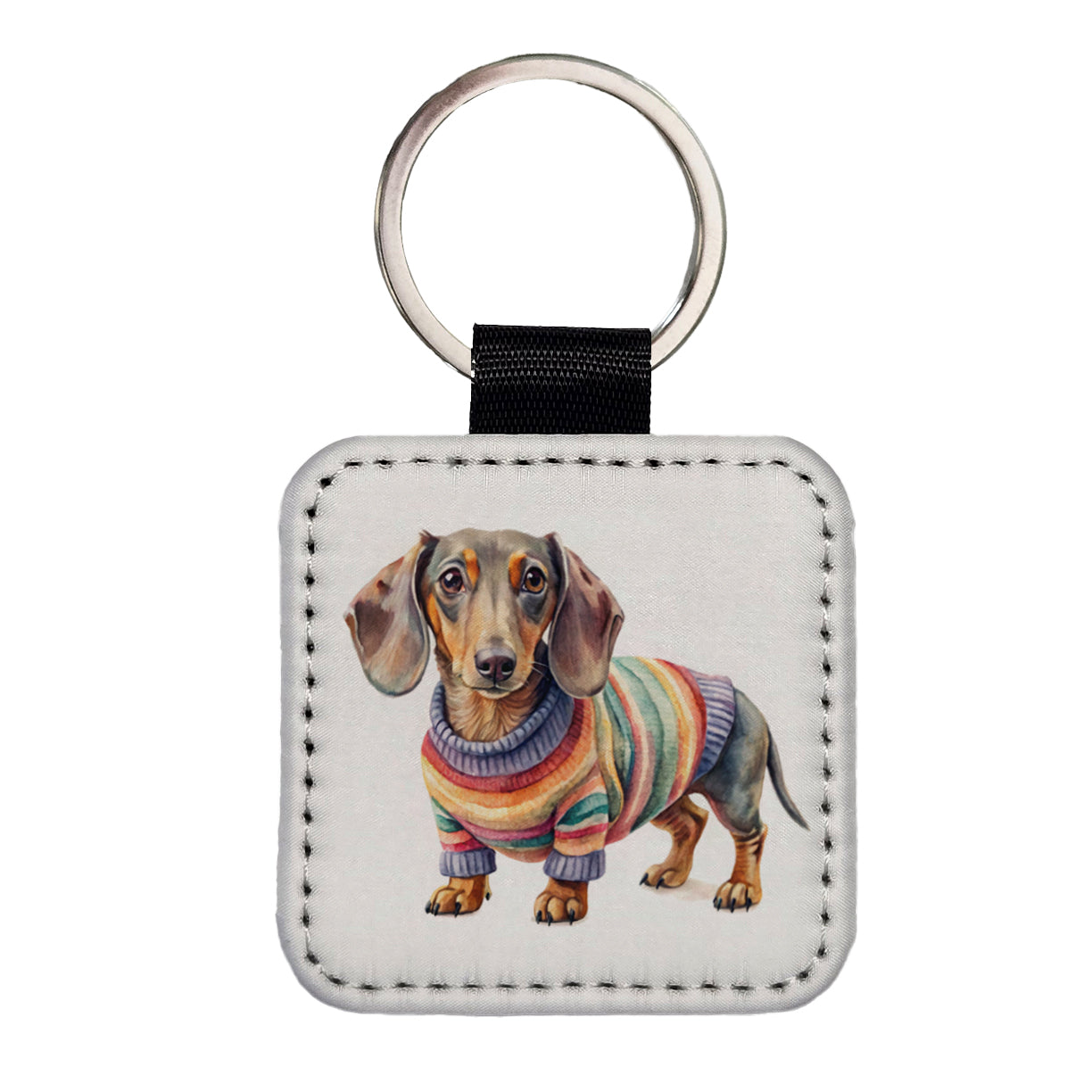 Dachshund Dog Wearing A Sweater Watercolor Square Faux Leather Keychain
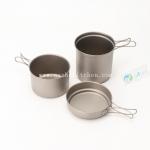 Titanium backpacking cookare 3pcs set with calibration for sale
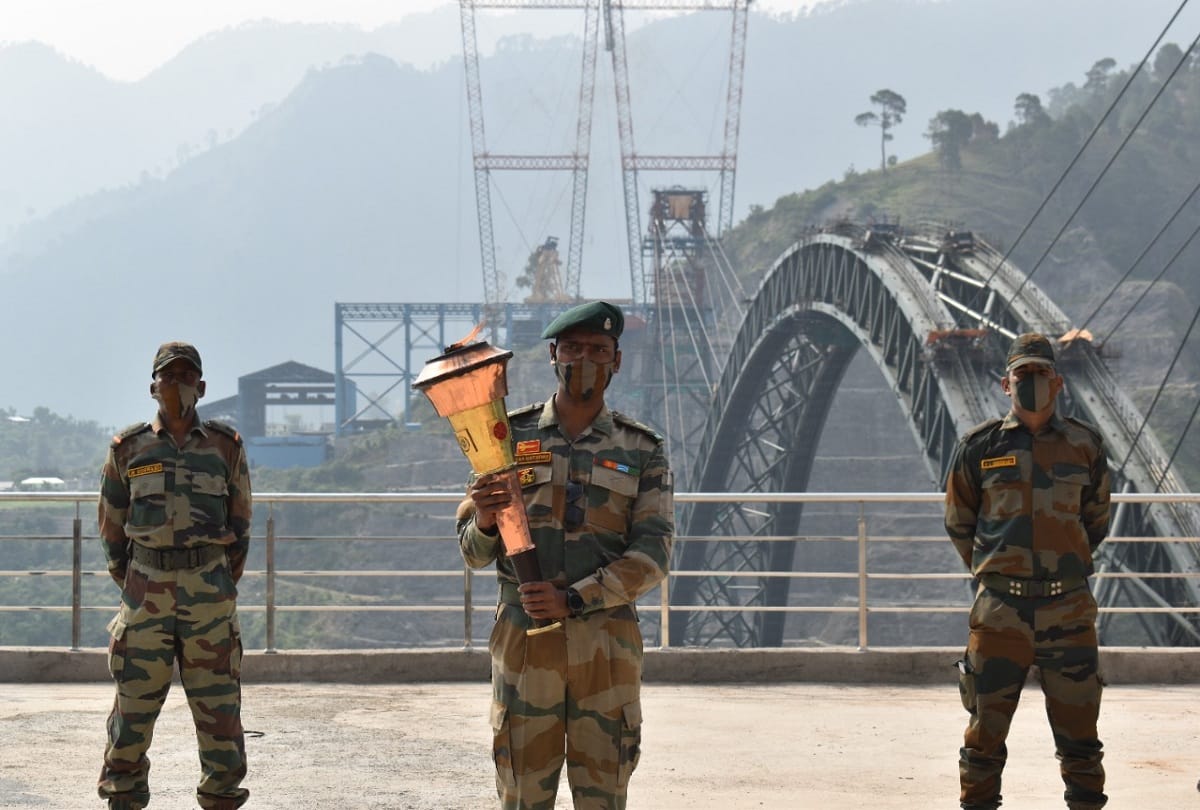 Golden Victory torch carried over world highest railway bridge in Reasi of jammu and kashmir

◆ ◆ ◆

■ The problem:
Copy the data word for word, no pictures.

■ Answer to this problem:
 Dachshund Dog Wearing A Sweater Watercolor Square Faux Leather Keychain
 Titanium backpacking cookare 3pcs set with calibration for sale
 Golden Victory torch carried over world highest railway bridge in Reasi of jammu and kashmir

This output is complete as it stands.